►

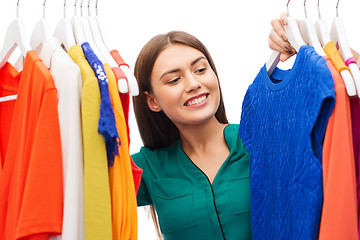 Image showing happy woman choosing clothes at home wardrobe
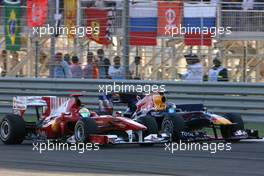 14.03.2010 Sakhir, Bahrain,  Felipe Massa (BRA), Scuderia Ferrari overtakes Sebastian Vettel (GER), Red Bull Racing  - Formula 1 World Championship, Rd 1, Bahrain Grand Prix, Sunday Race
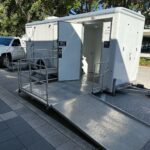 A compact restroom trailer with a metal access ramp leading up to the entrance.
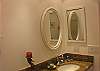 Hall bathroom with granite countertop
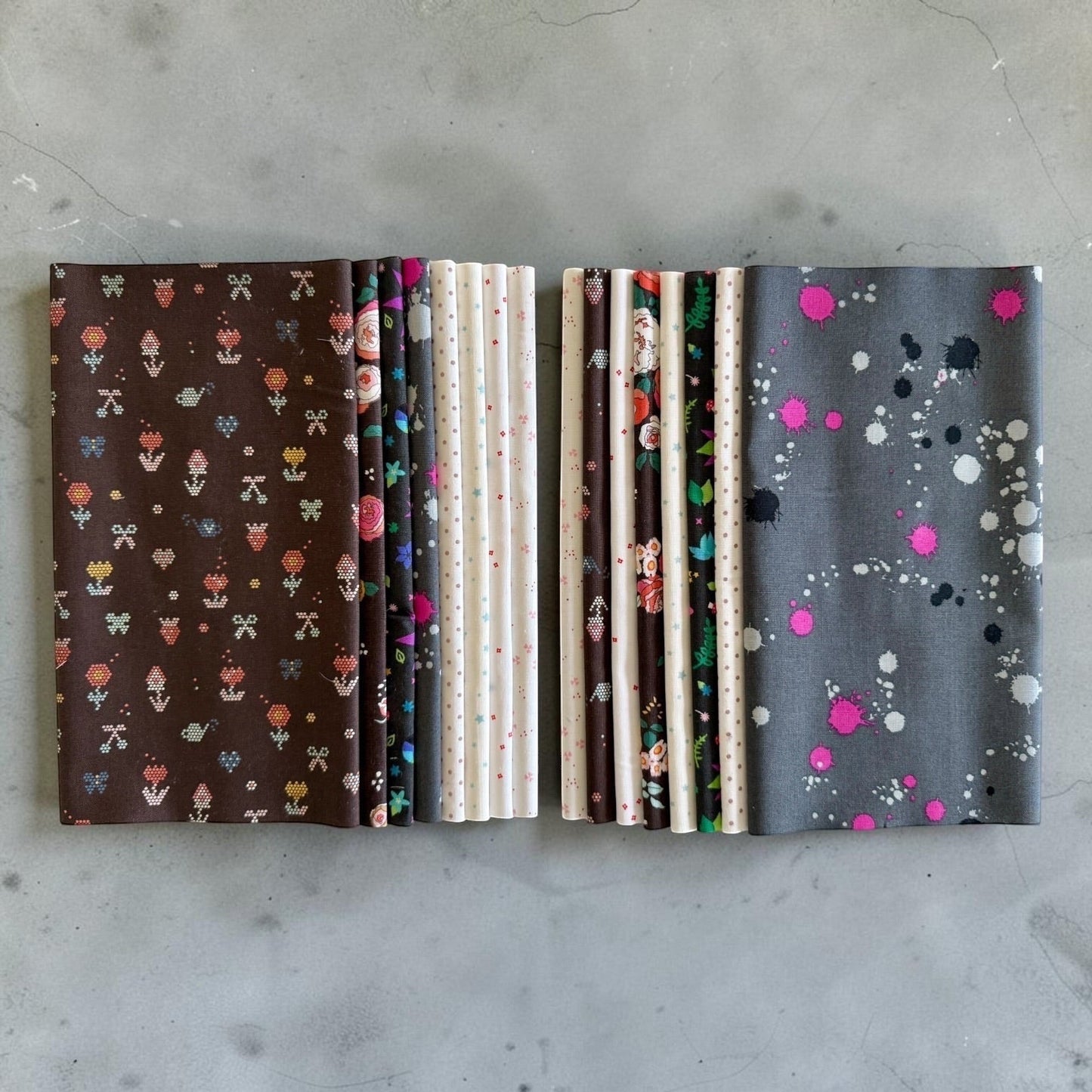 Patchwork with Busyfingers Slate & Granite fat eighth cotton fabric pack featuring 8 assorted floral and splatter prints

◄

### Exercise description:
The whole listing is to be written out exactly; the pictures stay out of the copy.

### Exercise solution:
 Image showing happy woman choosing clothes at home wardrobe
 14.03.2010 Sakhir, Bahrain,  Felipe Massa (BRA), Scuderia Ferrari overtakes Sebastian Vettel (GER), Red Bull Racing  - Formula 1 World Championship, Rd 1, Bahrain Grand Prix, Sunday Race
 A compact restroom trailer with a metal access ramp leading up to the entrance.
 Hall bathroom with granite countertop
 Patchwork with Busyfingers Slate & Granite fat eighth cotton fabric pack featuring 8 assorted floral and splatter prints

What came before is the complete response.